Sconcerta infine che un rappresentante pubblico come l’assessore al commercio del Municipio I non comprenda che ciò che deve essere tutelato per primo è proprio l’interesse pubblico e l’azione della pubblica amministrazione rispetto al pur legittimo interesse privato, come tra l’altro recita anche la nostra Costituzione della Repubblica. Meglio farebbe l’assessore a preoccuparsi di mettere in atto tutte le possibili azioni, se proprio vuole tutelare gli interessi di chi legittimamente ha avuto una concessione OSP, di contrasto all’abusivismo commerciale da parte di operatori disonesti che non solo violano i regolamenti comunali ma non pagano le tariffe che gli altri invece versano contravvenendo al principio di una sana concorrenza economica.
Per concludere, ribadiamo lo sconcerto nel leggere un articolo così di parte, disinformato e disinformante. Troviamo che in questo modo La Repubblica non fornisca un buon servizio ai propri lettori, dipingendogli una realtà molto parziale quando non falsata.

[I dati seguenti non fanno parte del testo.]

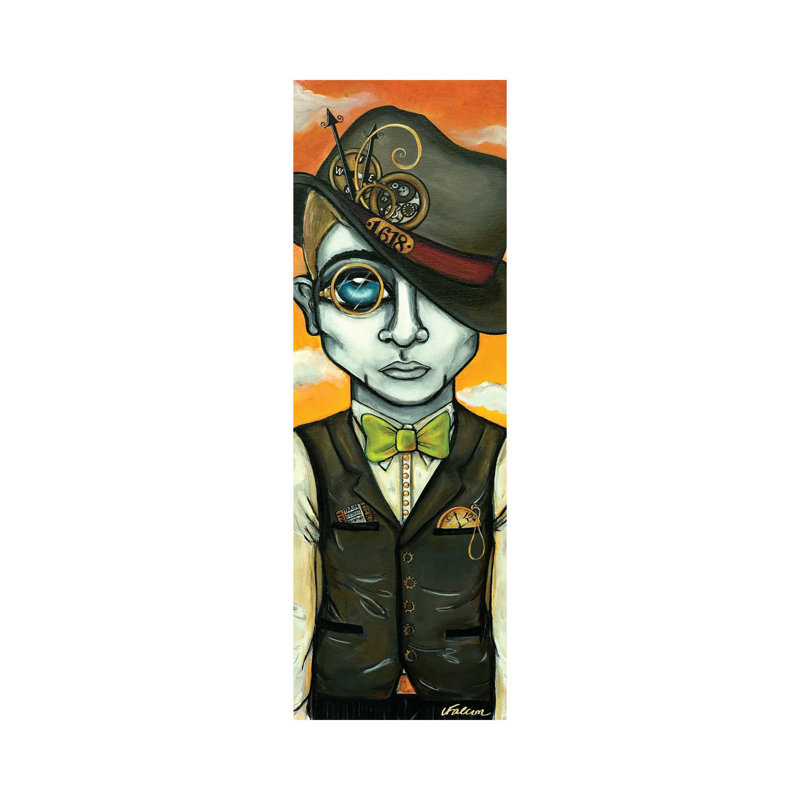 Waiting For The Train by Lizzy Falcon - Wrapped Canvas Panoramic Painting, 30.48 cm H x 91.44 cm W x 1.91 cm D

A voler pensar male, si possono mettere insieme la decisione di non partecipare alla conferenza stampa delle associazioni con questo pezzo sconclusionato di ieri, ottenendo un’immagine de La Repubblica al servizio di interessi particolari invece che a quello dei propri lettori.
Stupisce peraltro che questa discutibilissima iniziativa di parlare di PMO nei termini più scorretti e parziali possibili provenga dallo stesso quotidiano che ultimamente si è battuto contro l’apertura di un McDonald’s nei pressi delle terme di Caracalla. Si direbbe una passione per il decoro cittadino a corrente alternata, difficile da comprendere considerando le sole logiche della comunicazione.
P.s.: chi dei protagonisti del pezzo di Repubblica volesse fornire un’eventuale risposta ai nostri appunti sarà il benvenuto.